*** Task data

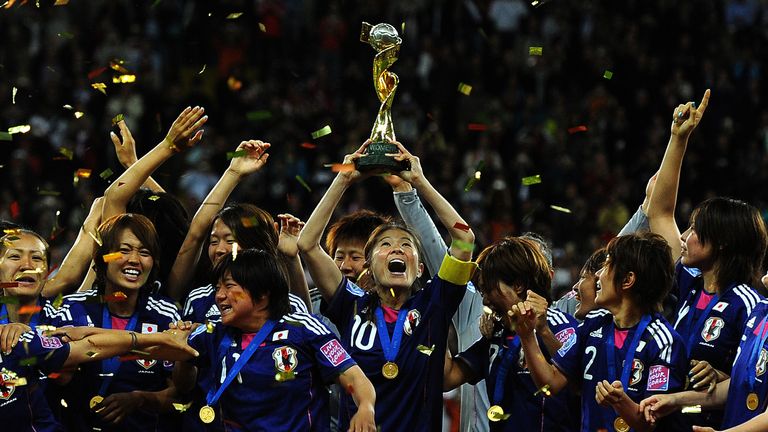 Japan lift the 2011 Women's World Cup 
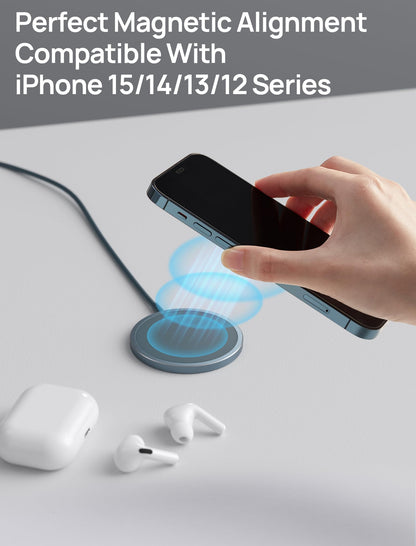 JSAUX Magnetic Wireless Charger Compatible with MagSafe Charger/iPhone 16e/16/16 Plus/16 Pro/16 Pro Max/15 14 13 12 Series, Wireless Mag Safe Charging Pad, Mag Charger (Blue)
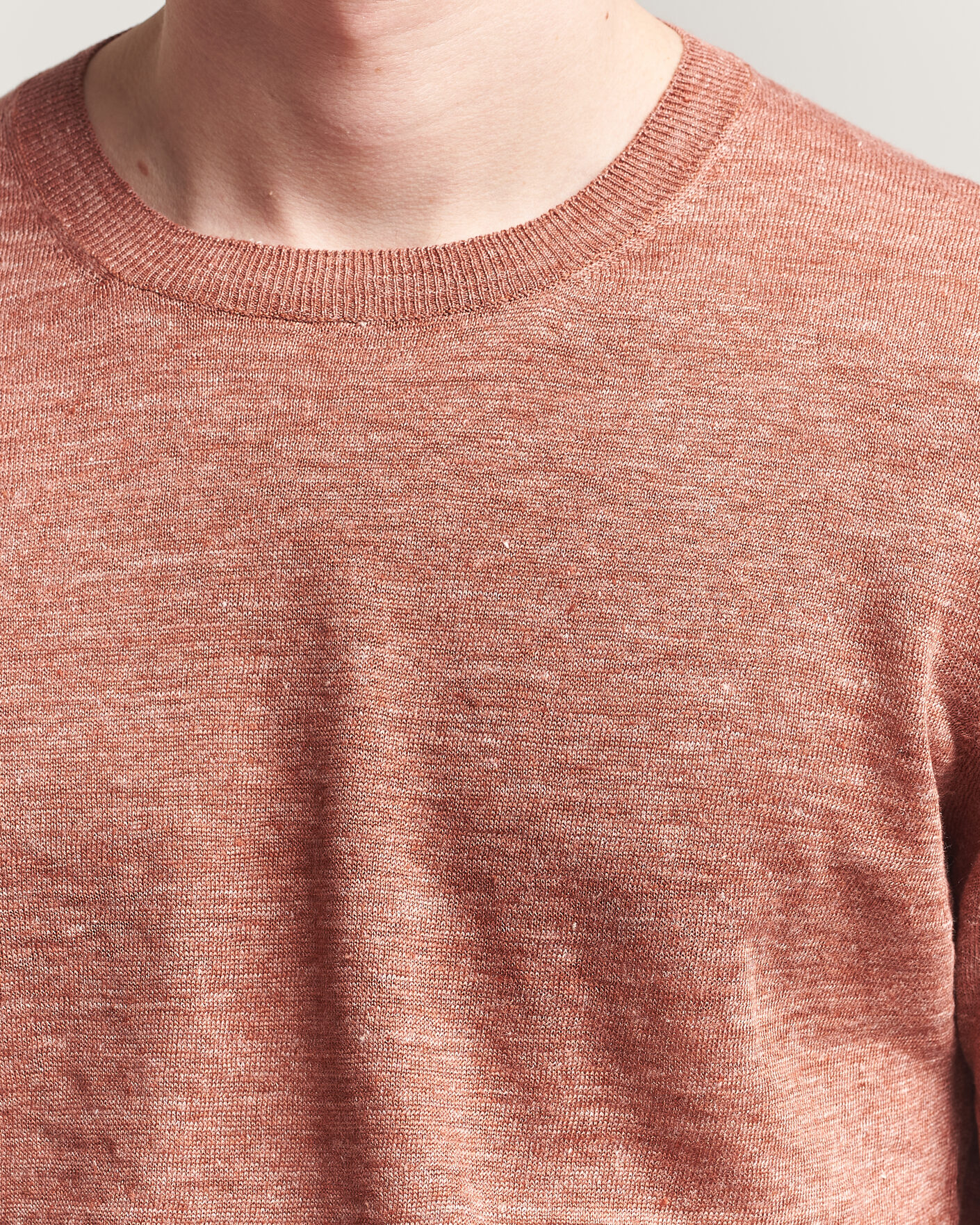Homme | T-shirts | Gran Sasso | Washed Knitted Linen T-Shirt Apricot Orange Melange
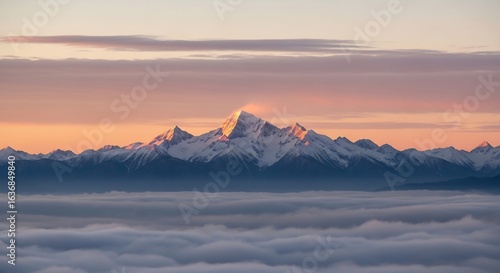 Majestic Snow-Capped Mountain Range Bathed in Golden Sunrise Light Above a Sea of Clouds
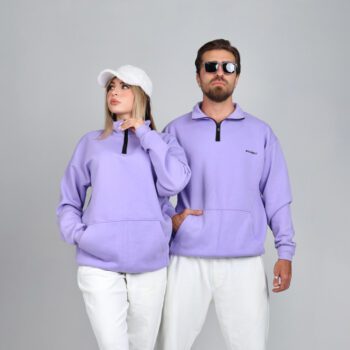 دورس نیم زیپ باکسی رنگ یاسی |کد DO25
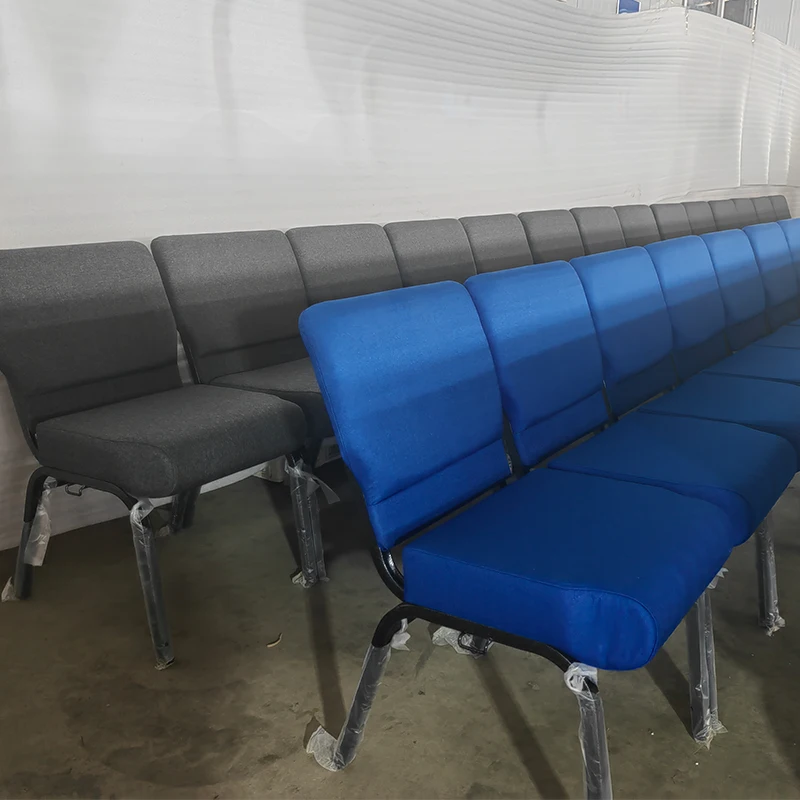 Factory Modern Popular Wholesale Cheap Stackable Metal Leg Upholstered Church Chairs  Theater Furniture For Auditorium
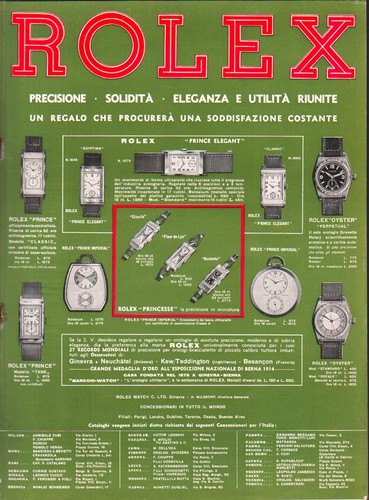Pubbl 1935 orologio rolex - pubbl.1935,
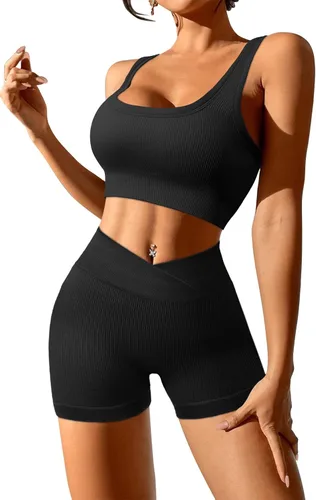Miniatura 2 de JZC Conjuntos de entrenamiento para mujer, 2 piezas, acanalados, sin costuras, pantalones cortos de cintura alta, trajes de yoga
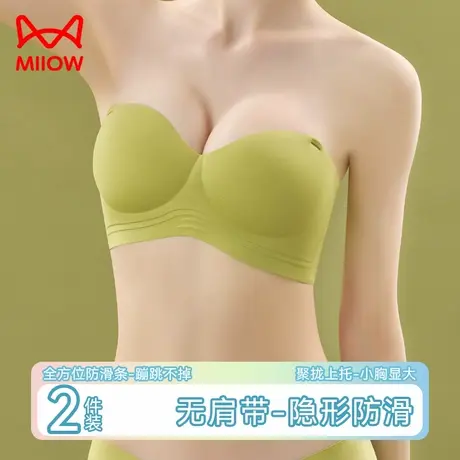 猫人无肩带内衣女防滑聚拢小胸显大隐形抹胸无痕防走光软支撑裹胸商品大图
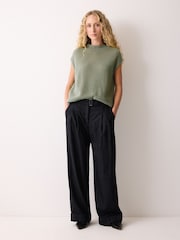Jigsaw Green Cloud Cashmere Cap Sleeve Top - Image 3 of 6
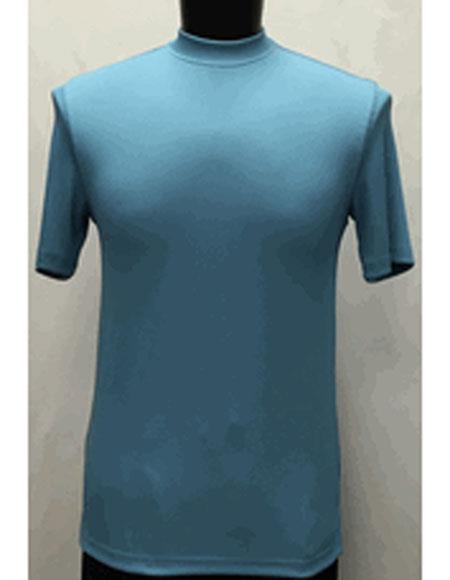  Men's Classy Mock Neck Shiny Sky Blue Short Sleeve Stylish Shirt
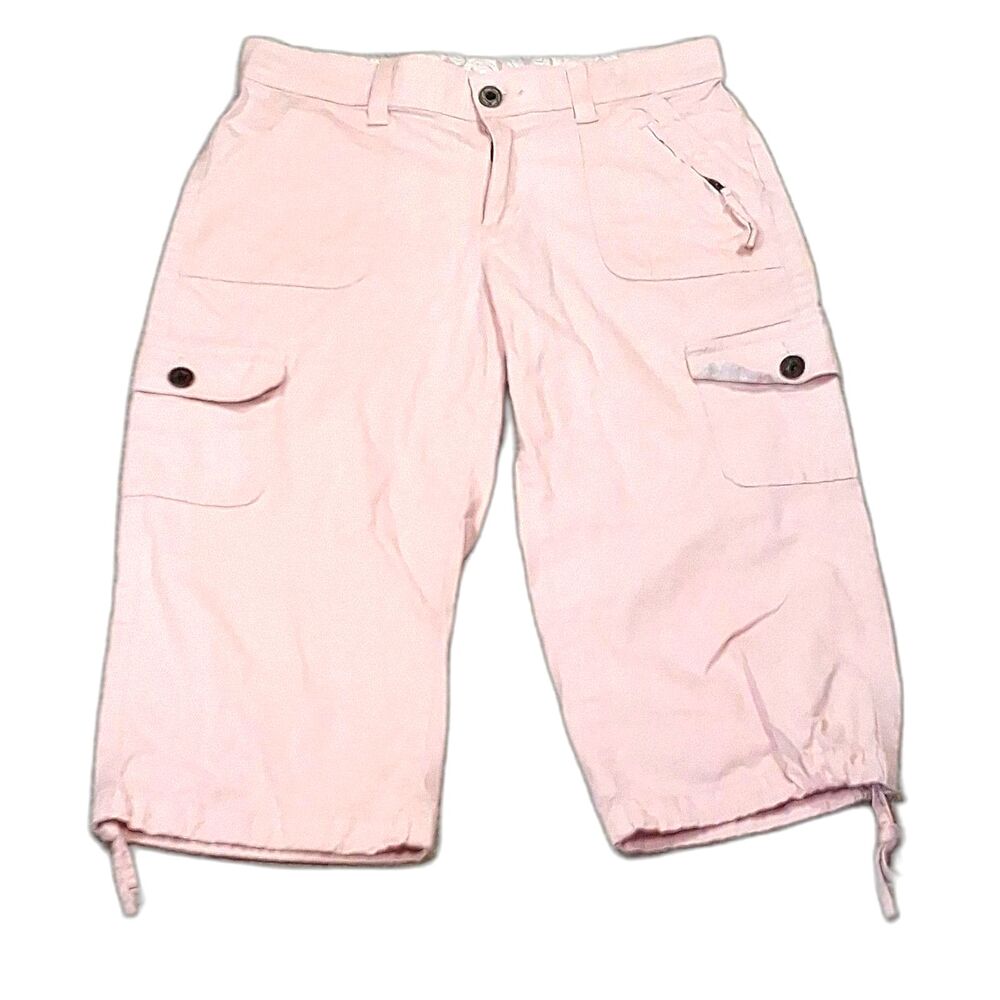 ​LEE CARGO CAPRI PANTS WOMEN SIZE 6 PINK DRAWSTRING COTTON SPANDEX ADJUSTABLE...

******

§ What needs to be done: Each line above gets copied exactly; leave the pictures out.

§ Exercise solution:
 Japan lift the 2011 Women's World Cup 
 JSAUX Magnetic Wireless Charger Compatible with MagSafe Charger/iPhone 16e/16/16 Plus/16 Pro/16 Pro Max/15 14 13 12 Series, Wireless Mag Safe Charging Pad, Mag Charger (Blue)
Homme | T-shirts | Gran Sasso | Washed Knitted Linen T-Shirt Apricot Orange Melange
 Majestic Snow-Capped Mountain Range Bathed in Golden Sunrise Light Above a Sea of Clouds
 دورس نیم زیپ باکسی رنگ یاسی |کد DO25
 Factory Modern Popular Wholesale Cheap Stackable Metal Leg Upholstered Church Chairs  Theater Furniture For Auditorium
Pubbl 1935 orologio rolex - pubbl.1935,
Miniatura 2 de JZC Conjuntos de entrenamiento para mujer, 2 piezas, acanalados, sin costuras, pantalones cortos de cintura alta, trajes de yoga
 猫人无肩带内衣女防滑聚拢小胸显大隐形抹胸无痕防走光软支撑裹胸商品大图
Jigsaw Green Cloud Cashmere Cap Sleeve Top - Image 3 of 6
  Men's Classy Mock Neck Shiny Sky Blue Short Sleeve Stylish Shirt
 ​LEE CARGO CAPRI PANTS WOMEN SIZE 6 PINK DRAWSTRING COTTON SPANDEX ADJUSTABLE...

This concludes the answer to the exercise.